ECLI:NL:RBDOR:2012:BX6955
Rechtbank Dordrecht
- Eerste aanleg - enkelvoudig
- M.A.J.M. van Sprundel-Jansen
- Rechtspraak.nl
Executiegeschil inzake dwangbevel en bijstandsuitkering
In deze zaak, die voor de Rechtbank Dordrecht werd behandeld, hebben eisers, wonende te Leerdam, een vordering ingesteld tegen de Regionale Sociale Dienst en Kredietbank Alblasserwaard/Vijfheerenlanden (RSD) naar aanleiding van een dwangbevel dat door de RSD was uitgevaardigd. De RSD had op 8 december 2010 besloten de bijstandsuitkering van eisers met ingang van 1 november 2010 te beëindigen en had daarnaast het recht op bijstand over een eerdere periode ingetrokken, wat resulteerde in een terugvordering van € 37.809,99. Eisers hebben bezwaar gemaakt tegen deze besluiten, maar hun beroep werd ongegrond verklaard. De RSD heeft vervolgens een dwangbevel uitgevaardigd voor het terug te vorderen bedrag.
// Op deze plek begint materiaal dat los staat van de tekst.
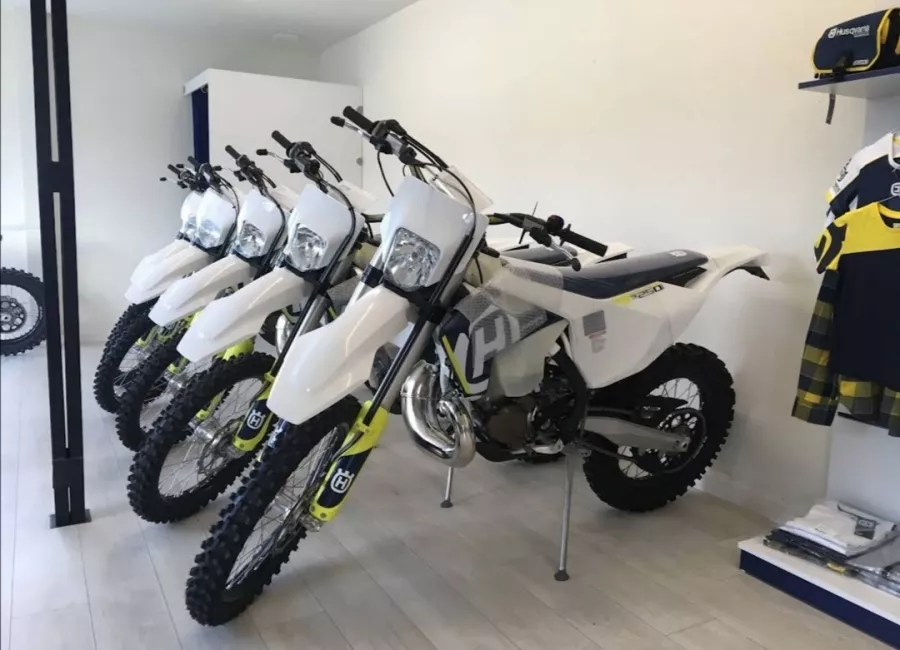 Продажа мотоциклов Husky Park (მოტოციკლების გაყიდვა Husky Park) в Тбилиси: Продажа Мотоциклов, Мототехника, Мотошкола, Ремонт Мотоциклов,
Eisers vorderden dat de rechtbank het dwangbevel buiten effect zou stellen, of in ieder geval zou schorsen voor de duur van de lopende bestuursrechtelijke beroepsprocedure. De RSD voerde aan dat de mogelijkheid tot verzet tegen het dwangbevel niet meer bestond door de inwerkingtreding van de vierde tranche van de Algemene wet bestuursrecht (Awb) per 1 juli 2009. De rechtbank oordeelde dat de executierechter slechts kan ingrijpen als er sprake is van een juridische of feitelijke misslag in het dwangbevel, wat in dit geval niet aan de orde was.
De rechtbank concludeerde dat de RSD recht had om het dwangbevel uit te vaardigen en dat er geen redenen waren om de tenuitvoerlegging te schorsen. De vordering van eisers werd afgewezen en zij werden veroordeeld in de proceskosten. De rechtbank benadrukte dat de rechtmatigheid van het terugvorderingsbesluit nog niet definitief was vastgesteld, maar dat dit niet betekende dat de RSD niet tot executie kon overgaan zolang het besluit niet was vernietigd.